I'm running a Spark streaming job in YARN to continuosly process a stream of data.
If an executor dies, Spark recovers gracefully, however if the driver (which is also the AM) dies then YARN finishes the application and considers it "SUCCESSFUL".
If the Spark fails to start (e.g. missing classes) then YARN does retry as many times as configured but not if you kill the process once running.
That creates a single point of failure.
Is there any way to tell YARN to restart the AM if it dies?
The only option I see is creating my own script to monitor the app and launch it again, which is far for ideal
It does depend on how the driver dies. As you said the AM is retried based on the settings under certain circumstances.
You seem to have stumbled onto a case which is not handled correctly. However we would need to know a bit more: why did the driver fail? do you have a log of the container that ran the driver so we can see what the cause was for the driver failure?
Thanks for your answer.
I'm trying to simulate different failure scenarios and recovery.
What I'm doing is killing processes myself to simulate failures and see how the system handles it.
Digging around, having robust long running YARN apps is WIP: https://issues.apache.org/jira/browse/YARN-896
Part of that we have already included via configuration when you run on yarn There are still known issues on the Spark side which makes recovery on the Spark side not straight forward and not robust in all failure cases. AM failures are notoriously hard to recover but I would expect a direct kill of the AM container to be seen as a failure and being picked up by YARN for a restart.
How do you kill the container (kill -9 of the JVM ?)

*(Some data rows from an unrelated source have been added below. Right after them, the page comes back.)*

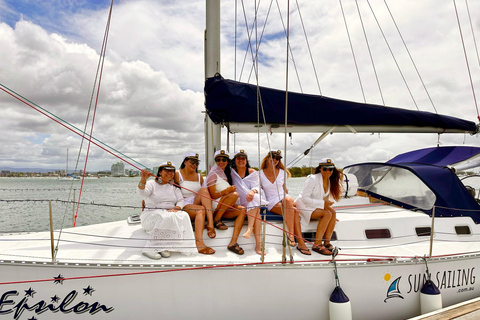 Gold Coast: Sunset Sailing Cruise incl food & drinks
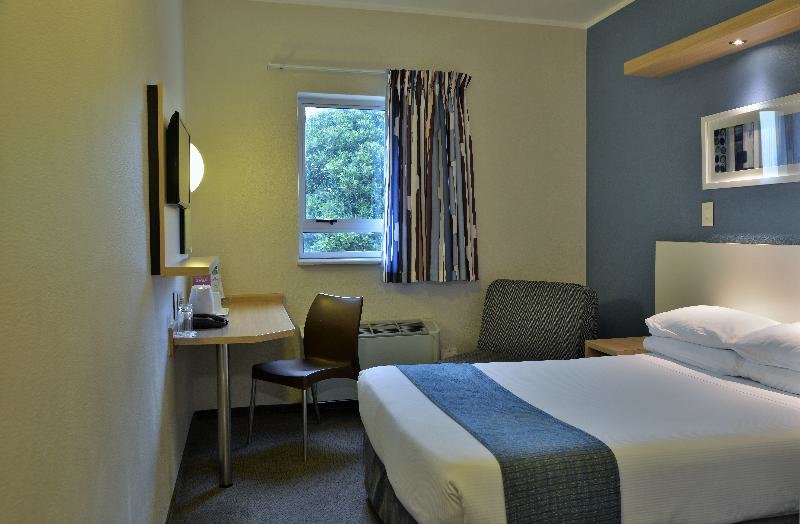 Standard Double room Road Lodge Cape Town International Airport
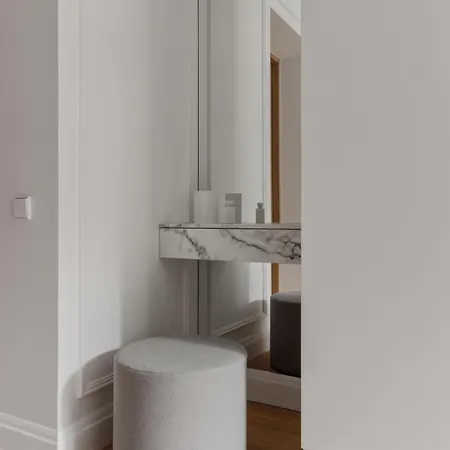 Premium Designer With Park View - By Innorental * 里加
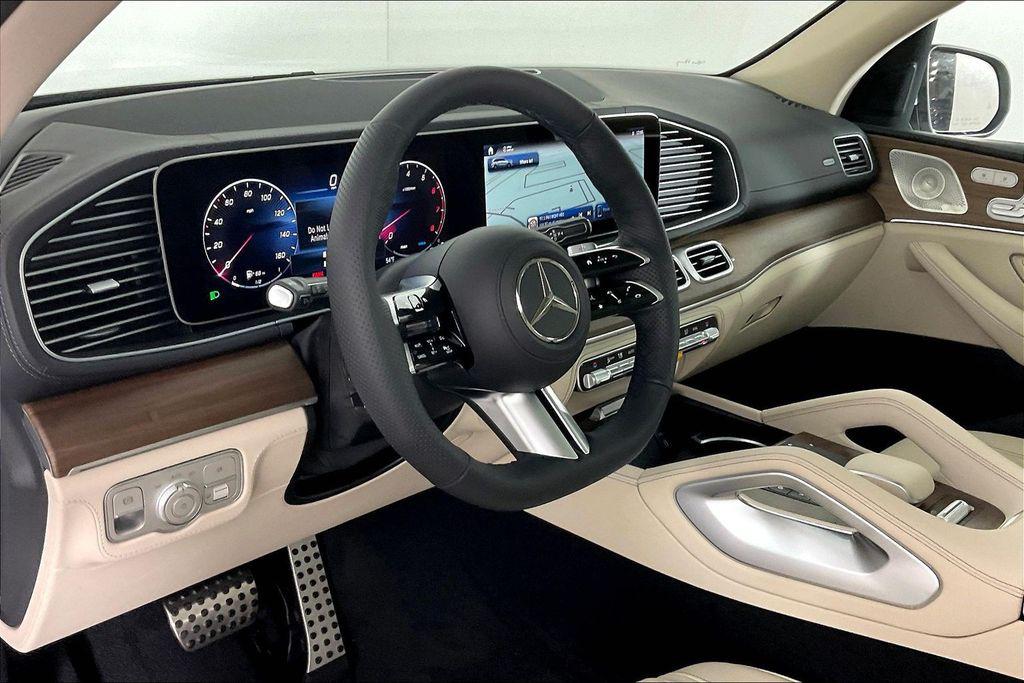 2026 Mercedes-BENZ GLS — фото 6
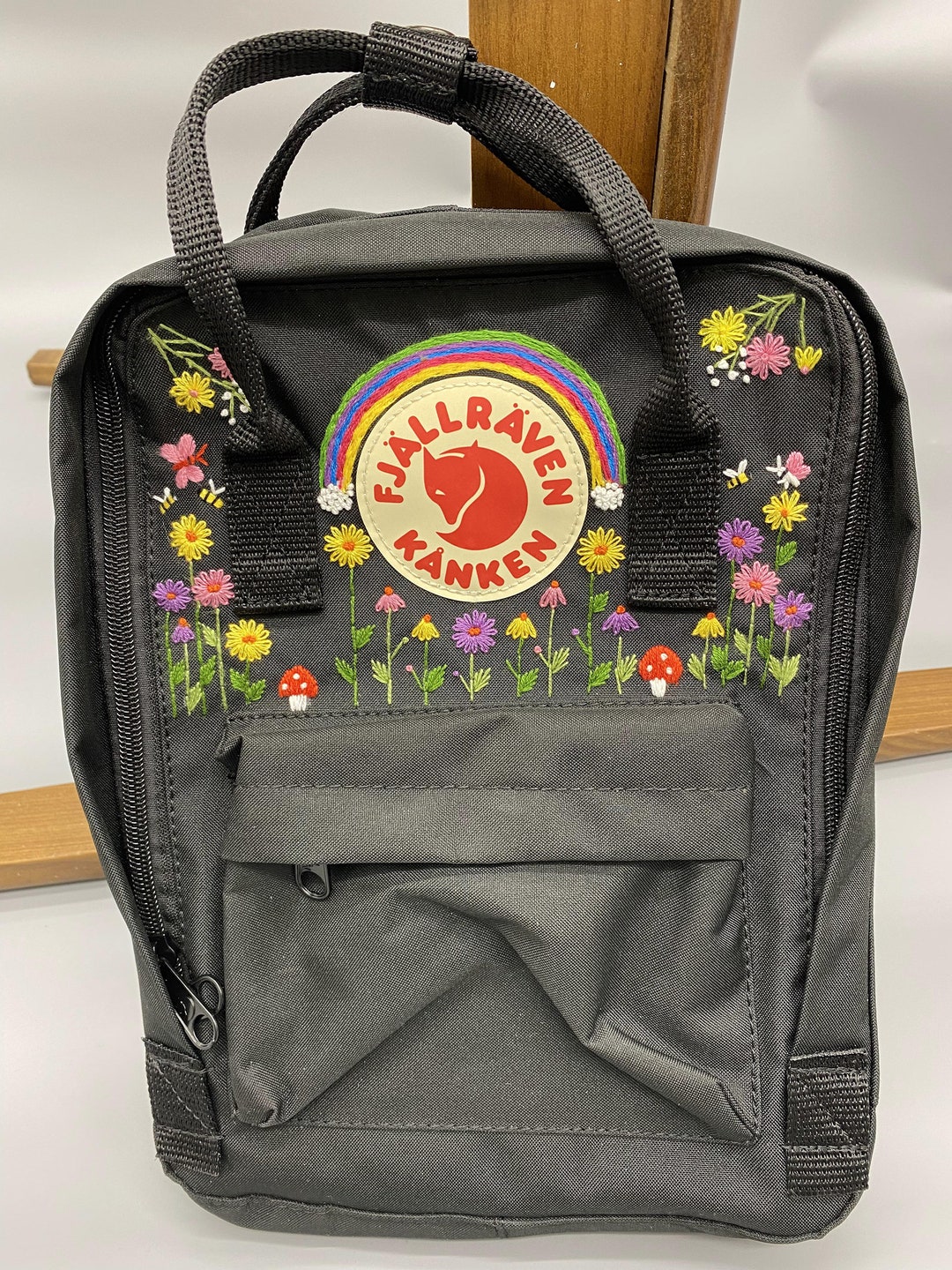 【GRAVER】23SS★ Flower Smile Embroidery One Pocket Backpack Flower Smile Embroidery One Pocket Backpack - GRAVER | 60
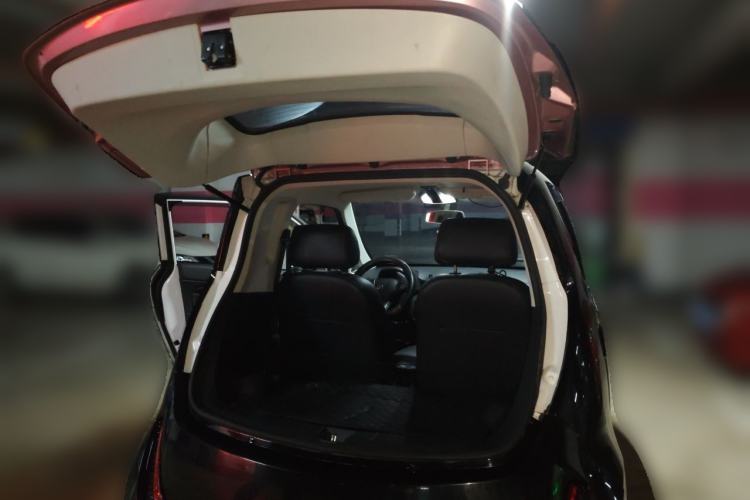 Used Zotye E200 2018 Pro Model Trunk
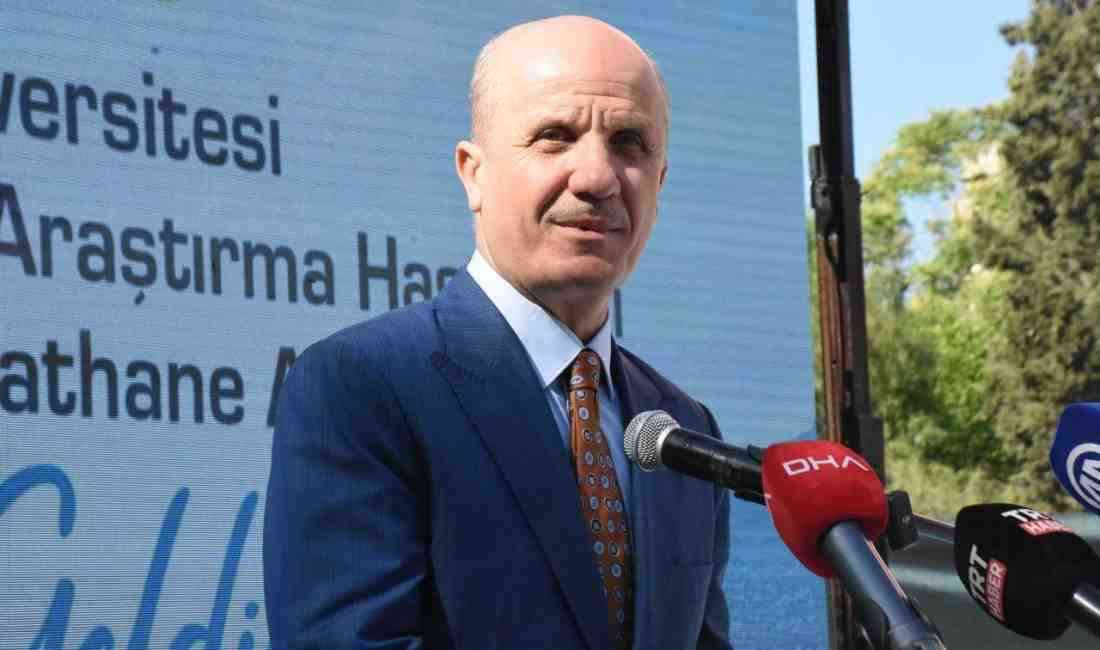 Yükseköğretim Kurulu (YÖK) Başkanı Prof. Dr. Erol Özvar, İzmir’de Ege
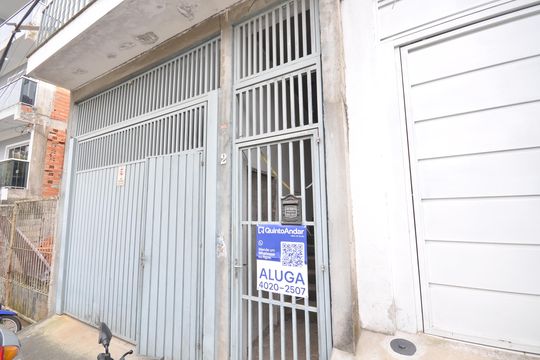 Fachada de casa para alugar com 1 quarto, 40m² em Furnas, São Paulo
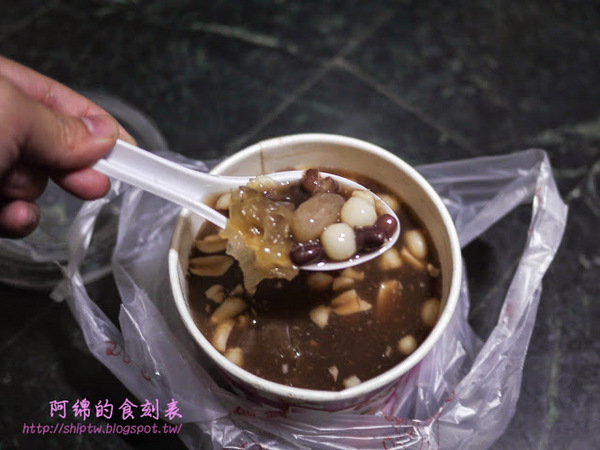 【姐妹】紅豆湯.挫冰.燒仙草：桃園市桃園區 [【姐妹】紅豆湯.挫冰.燒仙草] 紅豆湯甜度適中，食材用心
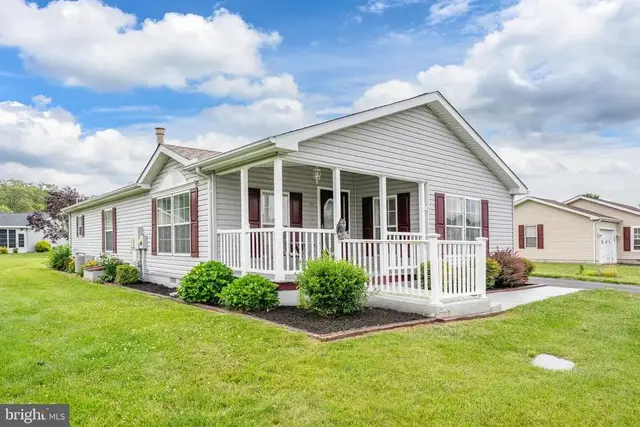 504 Weaver Dr #504, Dover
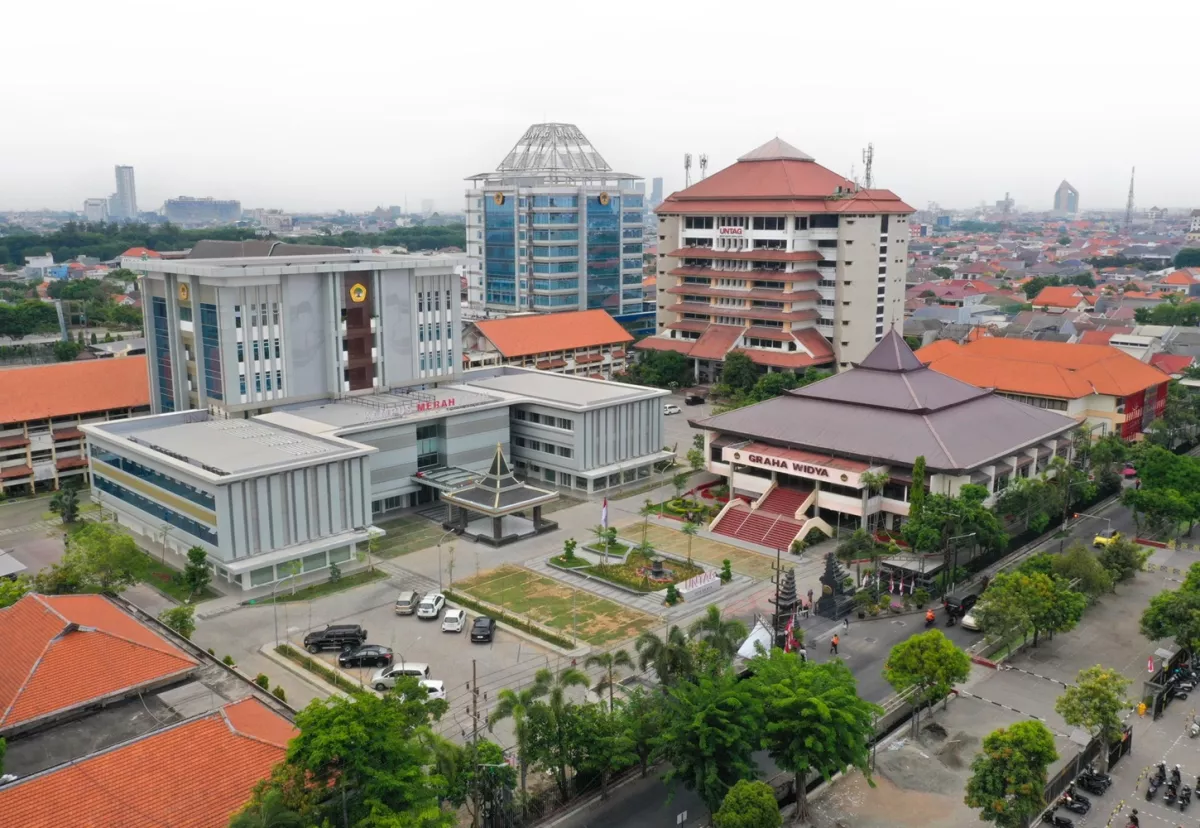 NGISIN NGISINI! Wakil Ketua Dewan DPM FIB Untag Surabaya Dipecat Gak Hormat, Diduga Lakukan Pelecehan Seksual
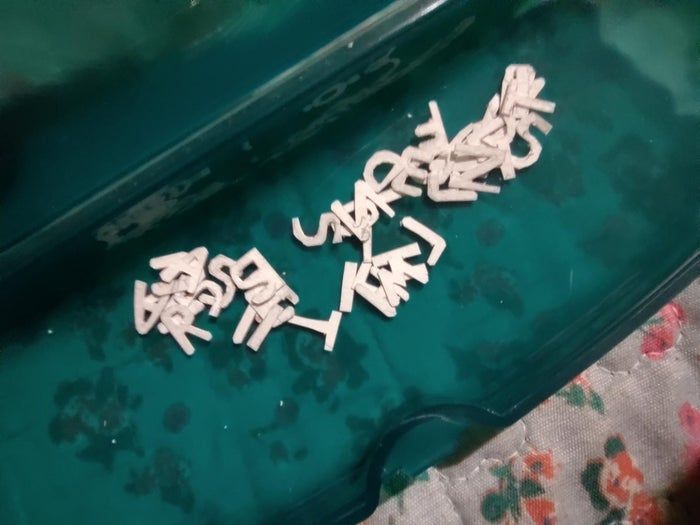 低成本DIY字母装饰板教程,轻松打造个性家居小物-第12张图片-趣作屋 低成本DIY字母装饰板教程,轻松打造个性家居小物-第12张图片-趣作屋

Yes, kill -9 on the AM process ends the job as SUCCESS.
I'm using CDH 5.4.2
a kill -9 is a SIGKILL. A SIGKILL is not catchable as described in the man page (man 7 signal) which means that we can not catch it in the shutodwn hook that is running and that the default exit code is used. Can you try and use the SIGTERM signal and see if that works?
SIGKILL is just not something that can be handled.
I tried the same with just kill (no -9) and there was no difference, still SUCCESS.
Either way, I expected YARN to notice that it has lost contact with the AM without a proper shutdown and not assume it finished ok.
Unfortunately that is not how YARN detects that something fails.
The failure detection is based on the return value of the application. The retrun value is send to the RM which then changes the state of the container based on that value and the container gets rescheduled based on that. Since the kill sets the result to SUCCESS YARN can't do anything about rescheduling. There is some discrepancy here and a simple kill of the container should not return SUCCESS.
Can you check the YARN container logs for the Spark ApplicationMaster and look for messages around shutdown hooks?